MUNCH RATING: 4/5
Sadly the blueberries used for this cake weren’t from our blueberry bush, which we’ve had for about 3 years and it’s never given us a single berry! I keep reading that we need at least 2 different plants so they can pollinate each other, so it looks like we’ll need to get a little friend for our sad little blueberry bush.
Anyway, I love cakes with a crunchy topping, so I used a basic cake recipe and then topped it with a nutty crumble topping – it went down a treat! It would be great served as a pudding with cream or custard too!
I used fresh blueberries but I’m sure you could use frozen ones, especially as they’re only £1 at Tesco’s at the moment!
- Makes: 16 squares
- You will need: an 8 or 9 inch square tin, lined with greaseproof paper
- Oven temperature: Gas mark 4/350°F/180°C
- Cooking time: 40-50 minutes
FOR THE TOPPING
- 15g (2 Tablespoons) plain flour
- 35g (3 Tablespoons) soft brown sugar
- 50g (3 Tablespoons) butter/Stork
- 50g rolled porridge oats
- 40g mixed nuts, chopped
- 175g butter
- 150g light muscavado sugar
- 3 large eggs, at room temperature
- 175g plain flour
- 1 teaspoon baking powder
- 200g (1 box) blueberries, washed and dried
- Preheat the oven to Gas mark 4/350°F/180°C.
- First make the topping: by putting all the ingredients into a food processor and pulse until you have a lumpy crumble.

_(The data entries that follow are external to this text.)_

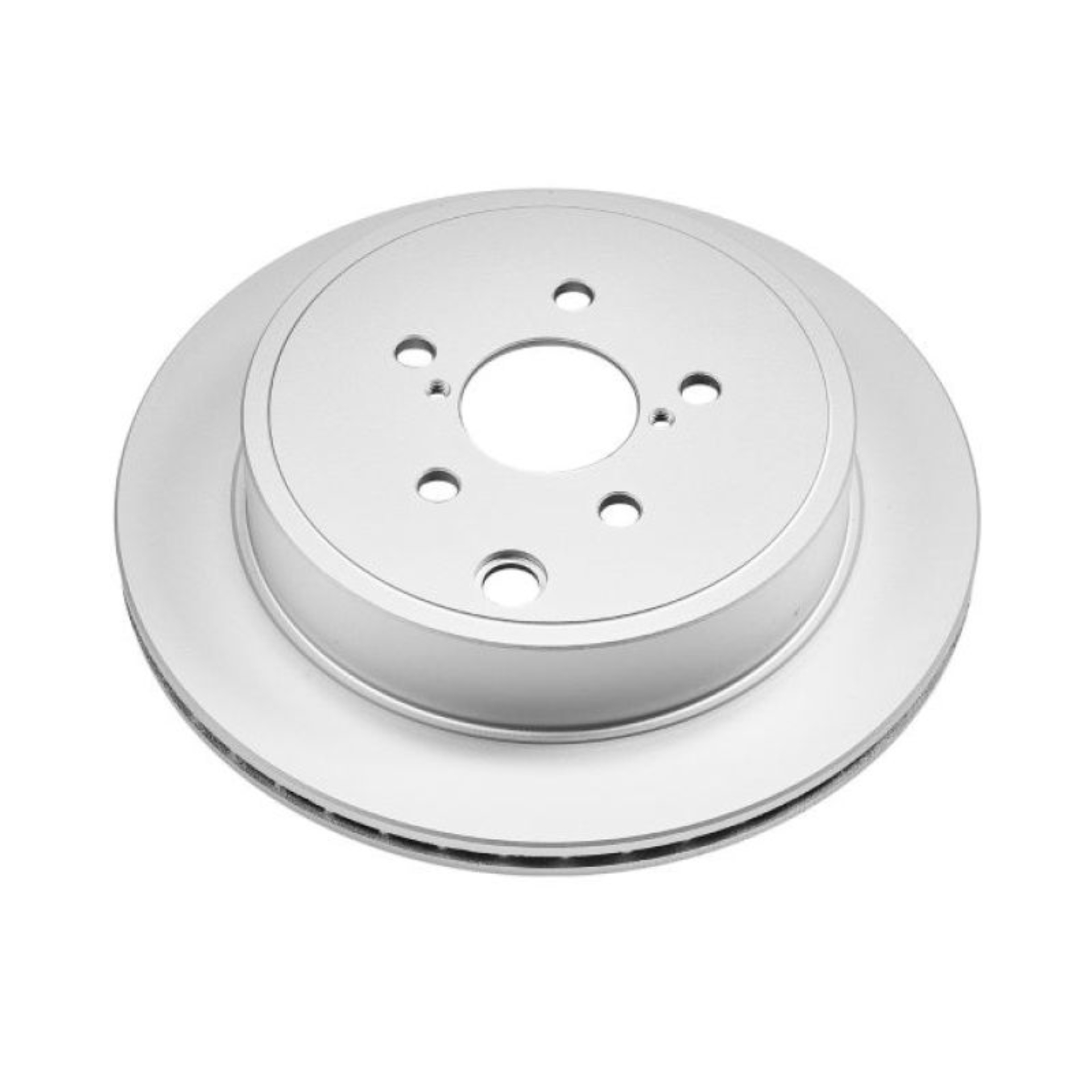 Picture of PowerStop PSB Evolution Coated Rotor Brake Rotors - JBR1501EVC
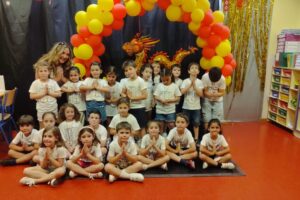 📚✨ Fiesta de Fin de Curso de Infantil «Historia»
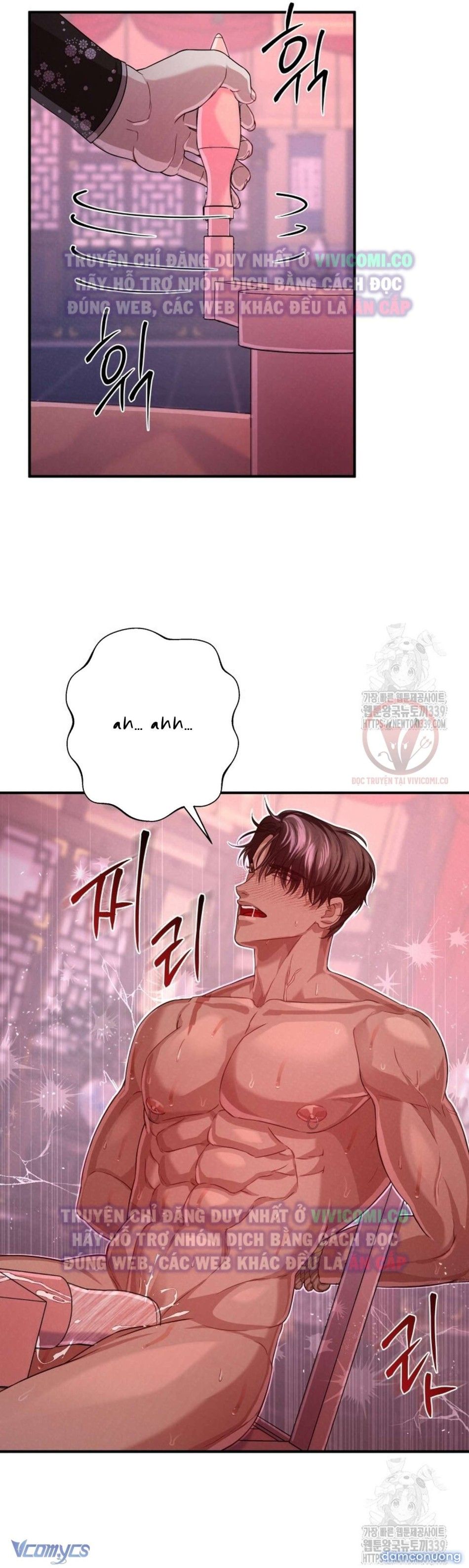 đọc truyện [18+] Bí Mật Của Quyền Lực Và Sự Hủy Diệt Chương 35 ảnh 43 tại Thiên Thai Truyện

Set aside.
- Then make the cake: by putting the butter and sugar into the food processor and whizzing until creamy and it is light in colour. Then add the eggs, flour and baking powder and whizz until well combined.
- Spread the cake mixture into your tin, then scatter the blueberries on top. Top with the crumble then press down slightly.
- Bake in the middle of the oven for 40-50 minutes until golden brown and a skewer inserted comes out clean.
- Cool in the tin and then cut into 16 squares.